Harry and Meghan: UK press monetised hatred of couple, says MP
- Published
A Labour MP has accused the British press of monetising online hatred of the Duke and Duchess of Sussex.
Rhondda MP Chris Bryant said newspapers had "filled their online sites" with "hateful Meghan Markle material".
"It is becoming their richest clickbait scene… it drives viewing and earns advertising income," he said.
He made the comments in a speech introduced by Hugh Grant at the annual Leveson Lecture, external held by press-reform group Hacked Off.
Mr Bryant said the monetary incentive was "why so many British opinion writers penned so much drivel about the couple".

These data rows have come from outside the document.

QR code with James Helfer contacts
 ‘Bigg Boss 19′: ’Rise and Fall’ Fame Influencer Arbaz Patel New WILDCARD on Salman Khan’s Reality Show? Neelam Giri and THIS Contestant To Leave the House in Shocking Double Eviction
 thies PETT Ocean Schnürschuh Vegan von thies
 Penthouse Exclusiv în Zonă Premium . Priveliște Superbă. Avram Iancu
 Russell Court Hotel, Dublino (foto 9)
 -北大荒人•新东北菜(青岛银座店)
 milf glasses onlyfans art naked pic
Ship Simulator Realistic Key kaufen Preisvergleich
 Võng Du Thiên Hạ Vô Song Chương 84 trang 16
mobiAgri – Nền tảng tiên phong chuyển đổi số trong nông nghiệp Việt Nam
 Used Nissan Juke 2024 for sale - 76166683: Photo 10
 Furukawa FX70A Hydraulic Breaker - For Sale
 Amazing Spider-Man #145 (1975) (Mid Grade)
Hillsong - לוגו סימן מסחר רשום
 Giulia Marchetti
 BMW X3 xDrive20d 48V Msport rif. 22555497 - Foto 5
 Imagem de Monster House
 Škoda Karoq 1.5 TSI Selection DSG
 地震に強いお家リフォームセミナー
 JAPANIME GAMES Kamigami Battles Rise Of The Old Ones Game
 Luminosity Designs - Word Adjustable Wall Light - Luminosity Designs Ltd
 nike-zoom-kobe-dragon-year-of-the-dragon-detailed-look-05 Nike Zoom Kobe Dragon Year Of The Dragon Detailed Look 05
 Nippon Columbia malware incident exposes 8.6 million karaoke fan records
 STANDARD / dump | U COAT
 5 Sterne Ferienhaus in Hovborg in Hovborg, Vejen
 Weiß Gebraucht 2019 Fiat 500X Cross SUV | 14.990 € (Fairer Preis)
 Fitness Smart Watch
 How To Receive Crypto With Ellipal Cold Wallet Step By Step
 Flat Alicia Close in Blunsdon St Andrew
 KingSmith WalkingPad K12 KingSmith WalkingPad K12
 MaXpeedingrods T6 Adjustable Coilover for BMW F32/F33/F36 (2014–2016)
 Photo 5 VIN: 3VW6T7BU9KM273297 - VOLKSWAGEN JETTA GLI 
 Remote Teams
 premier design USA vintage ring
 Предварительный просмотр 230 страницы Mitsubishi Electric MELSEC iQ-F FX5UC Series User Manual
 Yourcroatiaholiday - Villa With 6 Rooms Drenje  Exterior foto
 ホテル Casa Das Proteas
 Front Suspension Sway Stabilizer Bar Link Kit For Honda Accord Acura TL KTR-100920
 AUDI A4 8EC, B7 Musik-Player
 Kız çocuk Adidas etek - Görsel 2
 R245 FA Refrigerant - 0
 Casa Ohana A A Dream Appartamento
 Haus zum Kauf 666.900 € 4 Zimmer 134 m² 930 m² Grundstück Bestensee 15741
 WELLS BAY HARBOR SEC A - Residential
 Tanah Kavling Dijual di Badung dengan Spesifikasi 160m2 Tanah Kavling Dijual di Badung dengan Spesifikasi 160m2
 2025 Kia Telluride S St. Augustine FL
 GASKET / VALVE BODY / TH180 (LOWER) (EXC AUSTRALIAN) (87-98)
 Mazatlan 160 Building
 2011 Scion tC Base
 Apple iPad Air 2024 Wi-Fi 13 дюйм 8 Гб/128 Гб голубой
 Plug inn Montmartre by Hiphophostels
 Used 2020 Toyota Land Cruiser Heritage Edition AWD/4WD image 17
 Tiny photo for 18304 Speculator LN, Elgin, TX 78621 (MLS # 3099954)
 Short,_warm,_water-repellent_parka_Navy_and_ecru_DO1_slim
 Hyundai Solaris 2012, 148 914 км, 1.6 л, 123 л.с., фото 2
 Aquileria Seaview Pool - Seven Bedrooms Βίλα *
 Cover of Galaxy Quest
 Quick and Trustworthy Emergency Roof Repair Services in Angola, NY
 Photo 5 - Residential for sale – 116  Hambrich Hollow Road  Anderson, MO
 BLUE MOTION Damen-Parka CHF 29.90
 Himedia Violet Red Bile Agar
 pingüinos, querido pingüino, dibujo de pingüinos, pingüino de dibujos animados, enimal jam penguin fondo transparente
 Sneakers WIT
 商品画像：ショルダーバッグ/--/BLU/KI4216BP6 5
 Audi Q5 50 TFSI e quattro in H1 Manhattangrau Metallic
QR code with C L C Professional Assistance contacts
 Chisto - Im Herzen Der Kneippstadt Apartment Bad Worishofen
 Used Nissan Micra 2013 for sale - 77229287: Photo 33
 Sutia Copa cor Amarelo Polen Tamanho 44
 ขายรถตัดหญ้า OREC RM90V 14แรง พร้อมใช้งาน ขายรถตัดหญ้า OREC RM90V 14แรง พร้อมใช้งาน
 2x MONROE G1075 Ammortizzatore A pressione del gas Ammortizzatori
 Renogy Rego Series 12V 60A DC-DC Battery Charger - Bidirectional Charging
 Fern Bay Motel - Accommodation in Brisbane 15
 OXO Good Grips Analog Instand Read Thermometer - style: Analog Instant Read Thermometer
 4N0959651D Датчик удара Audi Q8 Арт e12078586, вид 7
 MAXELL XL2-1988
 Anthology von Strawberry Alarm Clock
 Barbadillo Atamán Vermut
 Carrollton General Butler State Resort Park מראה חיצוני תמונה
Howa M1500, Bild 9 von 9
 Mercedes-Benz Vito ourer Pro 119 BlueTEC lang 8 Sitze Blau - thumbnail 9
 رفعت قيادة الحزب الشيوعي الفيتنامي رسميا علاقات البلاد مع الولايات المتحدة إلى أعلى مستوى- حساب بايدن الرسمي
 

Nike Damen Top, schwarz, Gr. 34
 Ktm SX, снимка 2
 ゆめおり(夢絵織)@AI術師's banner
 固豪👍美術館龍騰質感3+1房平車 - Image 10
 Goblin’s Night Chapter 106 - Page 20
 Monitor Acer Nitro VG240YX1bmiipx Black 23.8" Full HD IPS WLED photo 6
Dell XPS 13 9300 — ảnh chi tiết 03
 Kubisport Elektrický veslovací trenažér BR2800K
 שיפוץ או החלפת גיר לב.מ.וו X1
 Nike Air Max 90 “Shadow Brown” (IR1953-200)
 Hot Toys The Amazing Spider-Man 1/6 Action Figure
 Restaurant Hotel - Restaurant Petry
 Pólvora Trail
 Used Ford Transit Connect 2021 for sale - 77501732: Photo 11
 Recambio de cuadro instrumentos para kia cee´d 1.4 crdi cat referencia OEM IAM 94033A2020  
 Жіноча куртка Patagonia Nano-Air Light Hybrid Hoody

"Not because the story matters. It doesn't. Not because the writers genuinely cares about it. They don't. But because it makes money," he said.
"That is not journalism. It's a perversion of journalism and it means, yet again, the press see people lives as commodities to be traded."
Mr Bryant said one of the main reasons for the prevalence of hatred in media coverage were social media algorithms, and the type of content they promote.
He said the algorithms "nudge people to political extremes, they promote division, and they pervert the truth by creating an incentive for untruth".
"Far from caring about the harmful impact of algorithms, social media companies and their allies/competitors in the press rely on them, I think, to make money," he added.
'Coordinated, deliberate hate'
Mr Bryant said analysis by data firm Bot Sentinel showed just 83 Twitter accounts were responsible for 70% of the negative content targeted at the royal couple.
"To the innocent bystander it looks like the whole world hated Harry and Meghan, but this is not just normal, spontaneous or altruistic hatred.
"It is coordinated and deliberate, it uses social media recommender systems to amplify hated.
"Like clickbait, it uses hatred to entice people to follow a link to an article on another client web page where money is to be made. Which is how it knowingly monetises hatred."